BEGIN Data extract
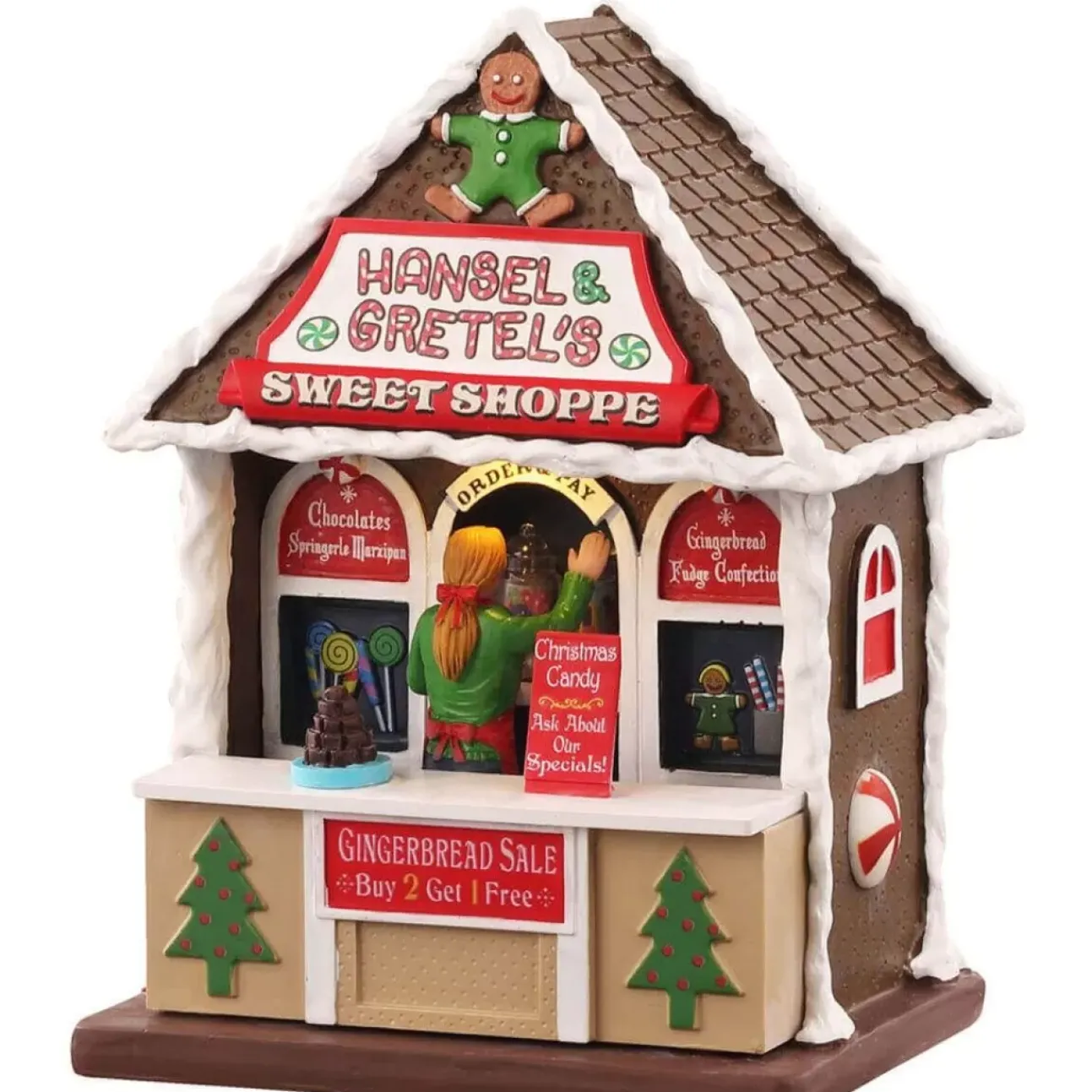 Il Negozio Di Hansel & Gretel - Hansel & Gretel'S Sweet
END Data extract
BEGIN Data extract
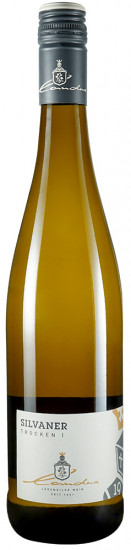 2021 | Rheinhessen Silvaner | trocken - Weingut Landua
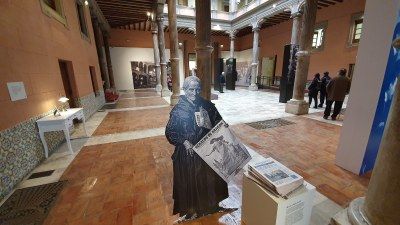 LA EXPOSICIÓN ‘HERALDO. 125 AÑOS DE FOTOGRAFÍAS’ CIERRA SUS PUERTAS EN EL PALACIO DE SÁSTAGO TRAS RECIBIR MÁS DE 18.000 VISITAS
END Data extract
» Exercise instructions
The line holding "2021 | Rheinhessen" starts the copy and the line holding "LA EXPOSICIÓN ‘HERALDO." ends it. Repeat those two lines above and all between them exactly, leaving out pictures.

» Reply to the exercise
 2021 | Rheinhessen Silvaner | trocken - Weingut Landua
 LA EXPOSICIÓN ‘HERALDO. 125 AÑOS DE FOTOGRAFÍAS’ CIERRA SUS PUERTAS EN EL PALACIO DE SÁSTAGO TRAS RECIBIR MÁS DE 18.000 VISITAS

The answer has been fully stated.